Spencer Parades

By Rosalie Tirella

IMG20230416093405
The David Prouty High School Panthers – triumphant. photos: R.T.

This morning, as I was walking my pups in the center of town, we practically walked right into a Spencer parade. Another one! In less than five months! Spencer, I believe, is hot on parades: big town firetrucks – Spencer AND East Brookfield, police cruisers, tow trucks with long flat beds, all shiny and sparkling, rolling down Main Street. The American flag is painted on the tow trucks’ cabs, ropes of lights are strung along the truck beds, firetrucks all washed and hosed down, loud speakers are attached to the front of the trucks and hard rock ‘n’ roll is blaring out of the speakers. Fire truck sirens are flashing red and orange. Big-ass horns on big-ass trucks are honking. A tremendous cacophony of sound and sight is rolling down Main Street for all of us townspeople to admire, to get excited about!

IMG20230416093329
The parade rolled down Main Street, through the center of town.

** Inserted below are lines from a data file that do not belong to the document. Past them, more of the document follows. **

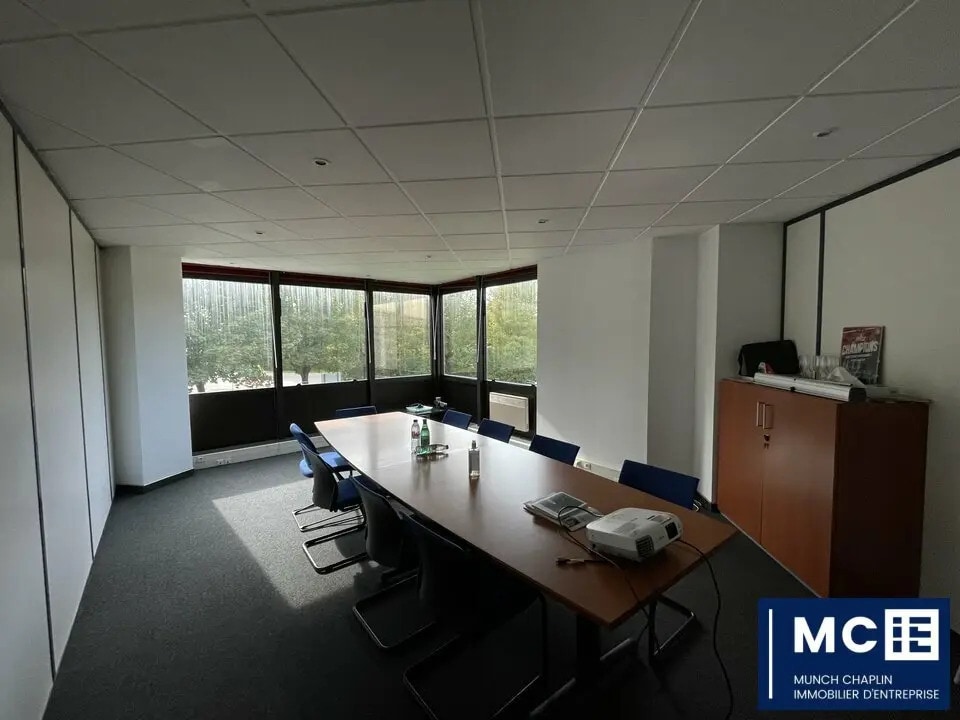 Office in Oberhausbergen for lease Interior Photo- Image 1 of 8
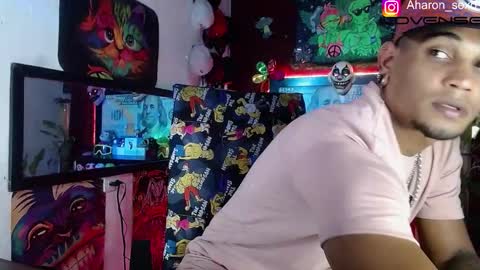 Snapshot of sexo_aharon chatting on November 16, 5:57 am Aharon ravelo online show from November 16, 5:57 am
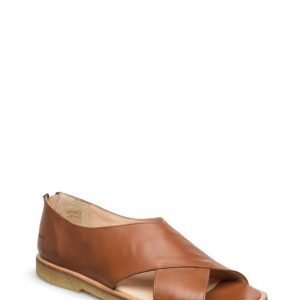 Angulus Cross Over Sandal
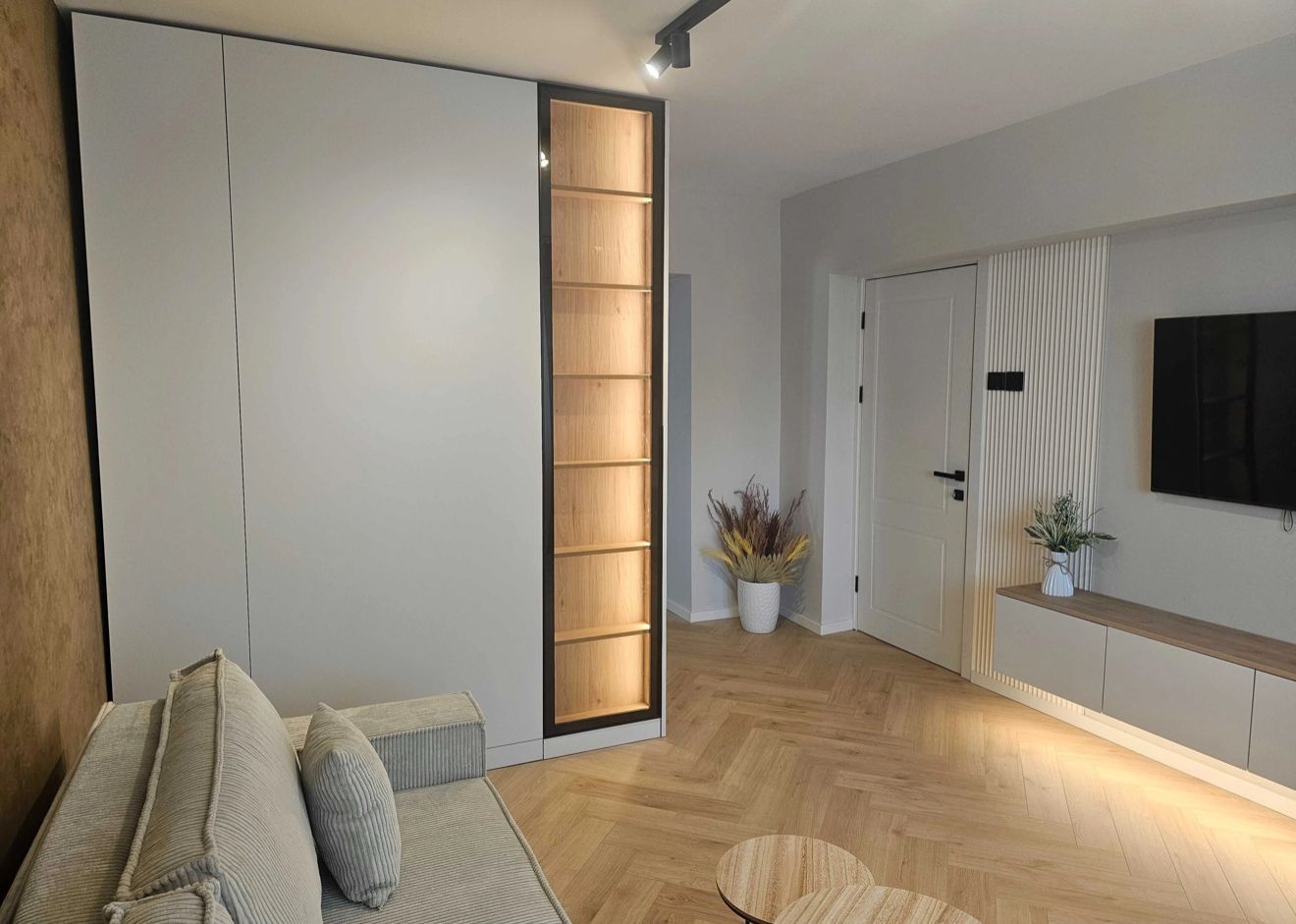 AP.2 CAMERE-OBOR, DOG-FRIENDLY, BLOC REABILITAT, MASINA DE SPALAT VASE - Poză 4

I stopped to wave at the people being honored in the parade – kids, high school boys – seated on folding metal chairs, lined up all in a row against the sides of the flat beds of two tow trucks, balloons and streamers in their school’s colors tied to the flat beds, the balloons bobbing up and down in the wind, the streamers hanging on for dear life. One of the boys, at the back, in the second flat bed, was waving a school flag. A few of the kids smiled back at us onlookers. The adults with them – three or four men, their coaches – looked happier than the kids! They were smiling and pointing and waving and just getting a kick out of the parade they were in. In their honor. The David Prouty Panthers – second place winners in the state basketball championship games. The “Dream Team” – the Panthers – being feted by the Town of Spencer for their prowess on the basketball court. For being great athletes. Their team, the only remaining undefeated boys’ basketball team in the state of Massachusetts. They had gone on to the finals, played valiantly against Taconic in the state final in Lowell, at the Tsongas Center.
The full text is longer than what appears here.